Given material:
%%

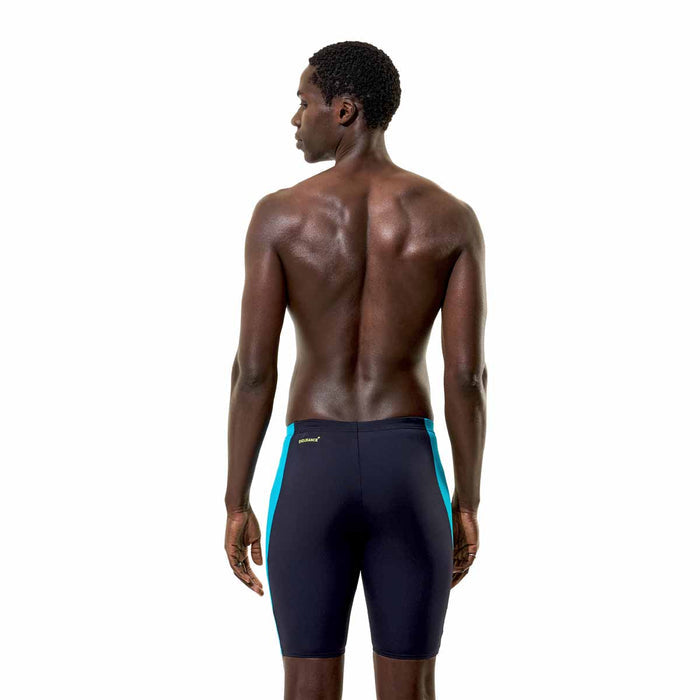 Speedo men's solid splice jammer in anthracite and hyper teal, featuring a sleek swimwear design with a snug fit for competitive swimming.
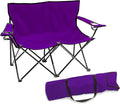 Trademark Innovations Loveseat Style Double Camp Chair 40 L x 22 W x 31.5 H Purple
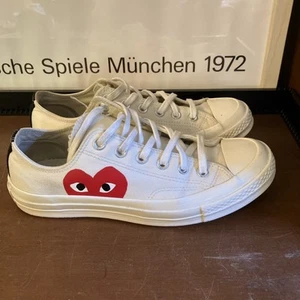 Converse Low Play White CDG Comme Des Garcon Size 9 - Picture 1 of 10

%%

Exercise directions: Extract the full listing exactly, with the pictures left out.

Task response:
 Speedo men's solid splice jammer in anthracite and hyper teal, featuring a sleek swimwear design with a snug fit for competitive swimming.
 Trademark Innovations Loveseat Style Double Camp Chair 40 L x 22 W x 31.5 H Purple
 Converse Low Play White CDG Comme Des Garcon Size 9 - Picture 1 of 10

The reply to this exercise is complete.